Complete Binary Tree
A complete binary tree means that each level of the tree must be filled before adding a new level. The level must be filled from left to right.
Parents Come First
This rule applies to every node individually. The children of every parent node must come after the parent in sorted order. The level of the tree does not indicate any ordering other than the first item in the heap is at the root and that every child comes after its parent.
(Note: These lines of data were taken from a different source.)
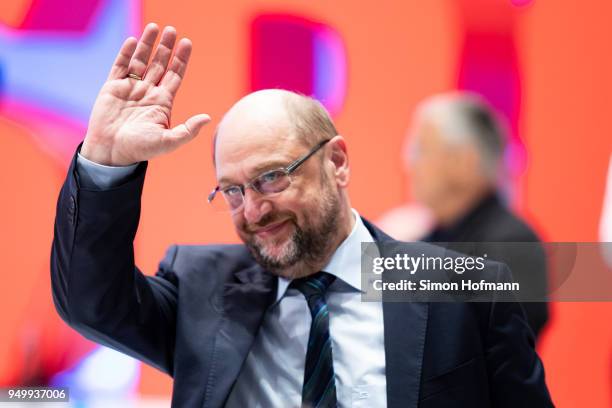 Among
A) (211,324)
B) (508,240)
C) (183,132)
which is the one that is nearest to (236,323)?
(211,324)

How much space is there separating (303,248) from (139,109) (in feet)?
1.79

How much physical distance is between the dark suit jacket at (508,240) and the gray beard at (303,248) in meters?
0.86

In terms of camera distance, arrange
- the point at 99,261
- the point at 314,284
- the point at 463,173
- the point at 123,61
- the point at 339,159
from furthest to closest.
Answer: the point at 463,173, the point at 339,159, the point at 314,284, the point at 123,61, the point at 99,261

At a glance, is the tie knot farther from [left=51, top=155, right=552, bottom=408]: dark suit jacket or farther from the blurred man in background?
the blurred man in background

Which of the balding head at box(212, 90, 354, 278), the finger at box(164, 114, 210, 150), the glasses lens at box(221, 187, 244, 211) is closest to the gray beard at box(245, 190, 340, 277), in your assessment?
the balding head at box(212, 90, 354, 278)

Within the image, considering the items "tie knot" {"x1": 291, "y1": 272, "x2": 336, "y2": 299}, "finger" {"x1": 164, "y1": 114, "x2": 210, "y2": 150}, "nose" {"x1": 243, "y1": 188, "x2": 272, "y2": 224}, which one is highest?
"finger" {"x1": 164, "y1": 114, "x2": 210, "y2": 150}

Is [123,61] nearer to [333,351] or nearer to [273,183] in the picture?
[273,183]

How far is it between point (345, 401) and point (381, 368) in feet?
0.40

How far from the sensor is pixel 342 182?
194cm

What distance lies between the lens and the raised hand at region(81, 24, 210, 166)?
1621 mm

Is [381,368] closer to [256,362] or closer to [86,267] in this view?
[256,362]

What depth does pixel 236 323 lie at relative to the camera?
1.78m

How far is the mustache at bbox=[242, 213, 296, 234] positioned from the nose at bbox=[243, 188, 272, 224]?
0.02 m

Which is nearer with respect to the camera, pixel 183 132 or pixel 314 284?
pixel 183 132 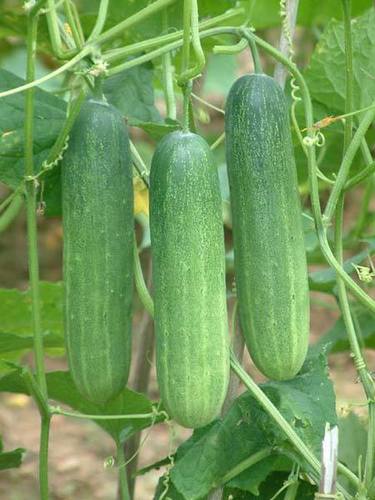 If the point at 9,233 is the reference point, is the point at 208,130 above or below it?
above

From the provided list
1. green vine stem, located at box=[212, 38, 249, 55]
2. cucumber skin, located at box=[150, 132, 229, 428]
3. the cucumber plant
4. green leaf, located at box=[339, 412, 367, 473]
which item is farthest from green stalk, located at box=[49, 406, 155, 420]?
green vine stem, located at box=[212, 38, 249, 55]

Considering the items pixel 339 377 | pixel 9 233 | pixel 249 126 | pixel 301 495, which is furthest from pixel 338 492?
pixel 9 233

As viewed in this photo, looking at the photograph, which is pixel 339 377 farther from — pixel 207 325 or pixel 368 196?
pixel 207 325

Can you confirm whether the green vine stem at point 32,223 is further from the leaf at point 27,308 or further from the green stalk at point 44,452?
the leaf at point 27,308

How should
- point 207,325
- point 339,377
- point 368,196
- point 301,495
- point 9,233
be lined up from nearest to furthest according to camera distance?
point 207,325 < point 301,495 < point 368,196 < point 339,377 < point 9,233

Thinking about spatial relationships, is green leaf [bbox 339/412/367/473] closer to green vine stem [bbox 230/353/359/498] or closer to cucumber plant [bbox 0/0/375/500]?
cucumber plant [bbox 0/0/375/500]

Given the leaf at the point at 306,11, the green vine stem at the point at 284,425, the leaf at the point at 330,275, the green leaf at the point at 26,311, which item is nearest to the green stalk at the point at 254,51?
the green vine stem at the point at 284,425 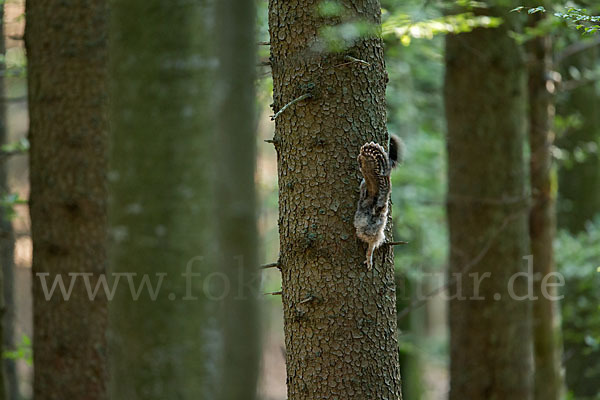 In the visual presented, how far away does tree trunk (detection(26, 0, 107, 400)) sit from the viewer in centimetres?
541

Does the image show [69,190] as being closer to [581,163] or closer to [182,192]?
[182,192]

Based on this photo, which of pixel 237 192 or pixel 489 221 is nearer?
pixel 237 192

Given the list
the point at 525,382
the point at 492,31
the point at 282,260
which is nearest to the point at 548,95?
the point at 492,31

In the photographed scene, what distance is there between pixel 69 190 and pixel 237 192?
3.48 metres

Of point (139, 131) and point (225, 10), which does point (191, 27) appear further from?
point (139, 131)

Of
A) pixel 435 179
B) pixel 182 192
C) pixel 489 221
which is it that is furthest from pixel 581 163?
pixel 182 192

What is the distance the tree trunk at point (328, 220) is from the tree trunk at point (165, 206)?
67cm

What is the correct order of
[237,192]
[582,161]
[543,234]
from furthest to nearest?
[582,161]
[543,234]
[237,192]

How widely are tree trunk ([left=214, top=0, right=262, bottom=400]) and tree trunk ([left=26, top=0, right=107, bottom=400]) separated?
3263mm

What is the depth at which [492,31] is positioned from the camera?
6.56 metres

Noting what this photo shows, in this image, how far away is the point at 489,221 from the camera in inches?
254

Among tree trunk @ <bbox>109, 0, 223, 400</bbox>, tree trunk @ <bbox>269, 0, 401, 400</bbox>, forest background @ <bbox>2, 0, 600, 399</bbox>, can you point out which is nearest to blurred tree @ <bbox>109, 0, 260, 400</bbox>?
tree trunk @ <bbox>109, 0, 223, 400</bbox>

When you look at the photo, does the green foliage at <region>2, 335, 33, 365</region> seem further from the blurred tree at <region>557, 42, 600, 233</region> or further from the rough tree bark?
the blurred tree at <region>557, 42, 600, 233</region>

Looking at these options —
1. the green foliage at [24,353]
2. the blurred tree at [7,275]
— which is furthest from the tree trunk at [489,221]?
the blurred tree at [7,275]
For a min-heap, if a child node exists, the child node must contain a value that is greater than or equal to the parent node. In a min-heap, the minimum value comes first and will therefore always be found in the root node of the tree. Conversely, a max-heap will have the highest value come first and all children will be lower than the root node’s value.
Example
All examples will be shown using a min-heap, but they will apply to a max-heap by simply applying the inverse of the less than or greater than comparison.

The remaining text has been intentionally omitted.